| En güzel
  günleri başlatacak olan büyük hicret [göç] bitmek üzeredir. Allahın emriyle
  Mekke’den ayrılan sevgili Peygamberimiz, Medîne’ye girdiler. Bütün Müslüman
  kabîleler, Resûlullah efendimizi misâfir etmek için yarışıyorlardı.  
 Neccâroğullarının reisi Hz. Ebû Eyyûb da, bütün akrabâlarını toplamış;
  Resûlullahı karşılamaya çıkmıştı. Bütün Medîneli Müslümanlar gibi, o da iki
  cihânın efendisi Resûlullah efendimizi ağırlamak ateşiyle yanmaktadır.
 
 Anamız babamız
  fedâ olsun!
 
 Zaman zaman, Resûlullah efendimizin devesi Kusvâ’nın yularını yakalıyanlar,
  “Buyurunuz yâ Resûlallah!

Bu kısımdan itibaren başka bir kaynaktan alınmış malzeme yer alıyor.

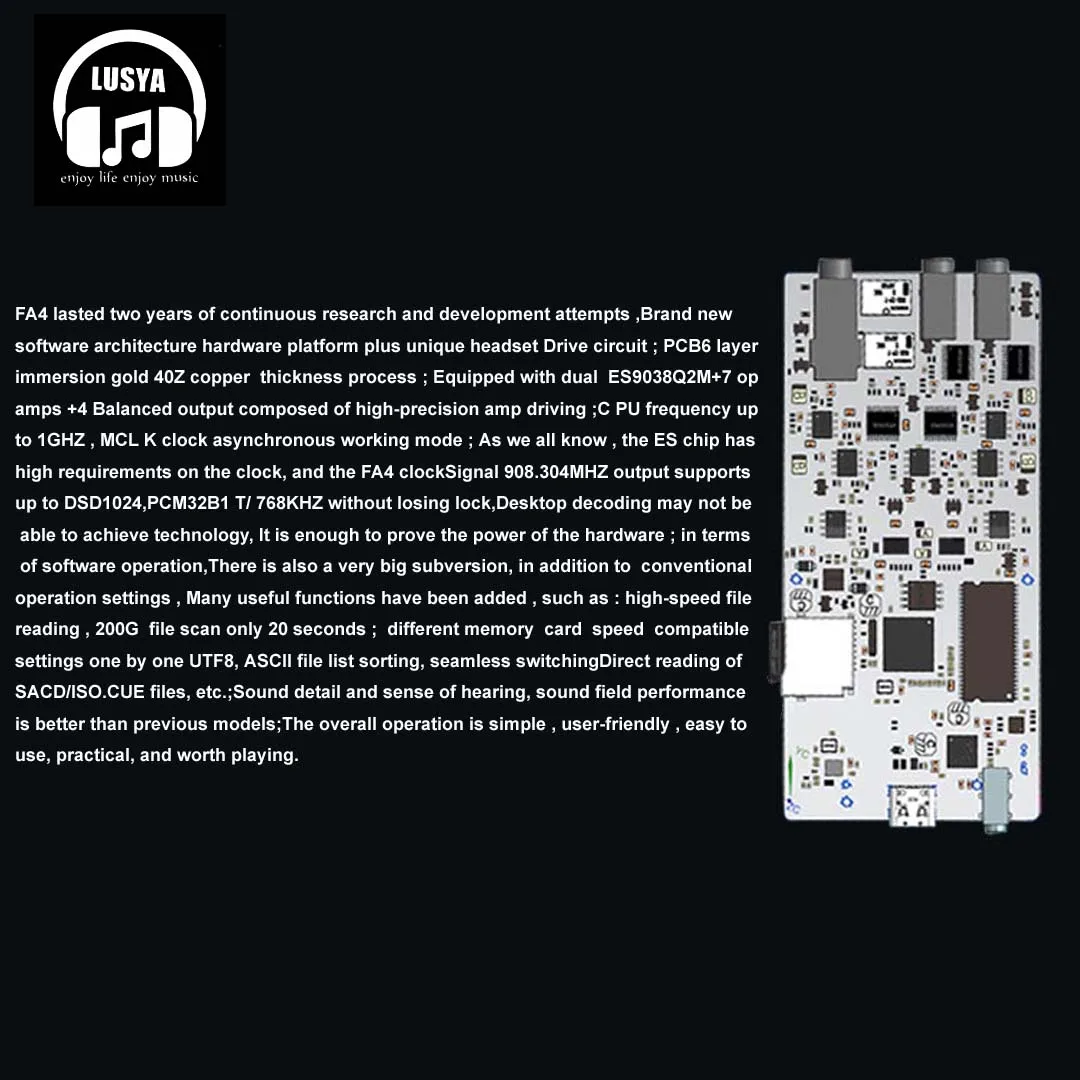 LUSYA F.Audio FA4 HIFI DSD без потерь USB DAC декодирование Bluetooth 2-полосный двойной ES9038Q2M 2 5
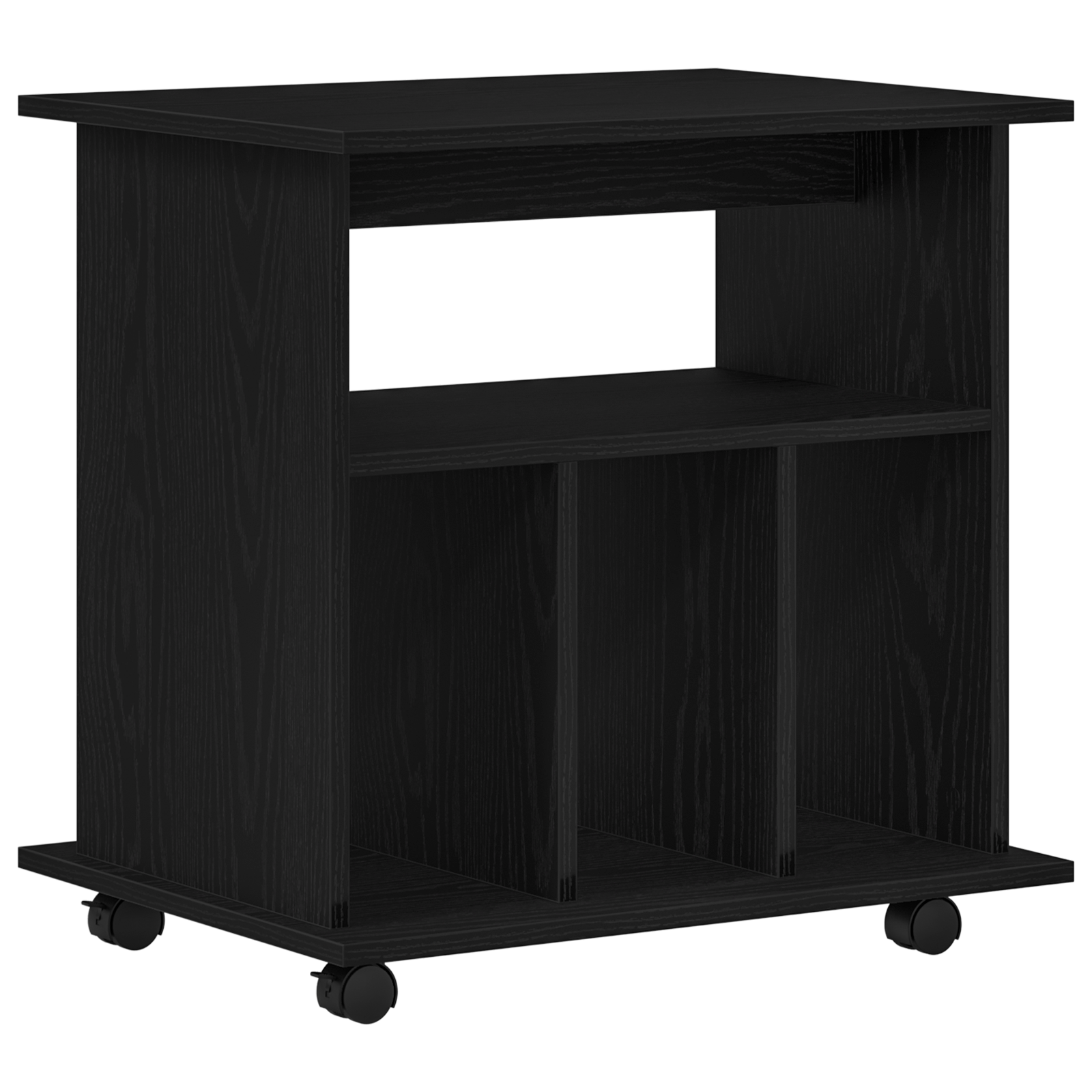 Rolling Cabinet Black Oak 60x45x55 cm Engineered Wood - Image 2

Anamız, babamız, canımız, herşeyimiz; sizin
  yolunuza fedâ olsun!” diyerek, kendi evlerine götürmek istiyorlardı.
 
 Fakat Kâinâtın efendisi, kimsenin gücenmesini arzû etmiyorlardı. Kusvâ’yı
  işâret ederek buyurdular ki:
 
 - Devemin yularını bırakınız! Kimin evinin önünde çökerse, orada
  misâfir olurum!
 
 Gerçekten o mes’ûd Deve de, sanki vazîfesini biliyormuş gibi hareket
  ediyordu. Yorgunluğuna rağmen, yavaş ve asîl hareketlerle, epeyce dolaştı.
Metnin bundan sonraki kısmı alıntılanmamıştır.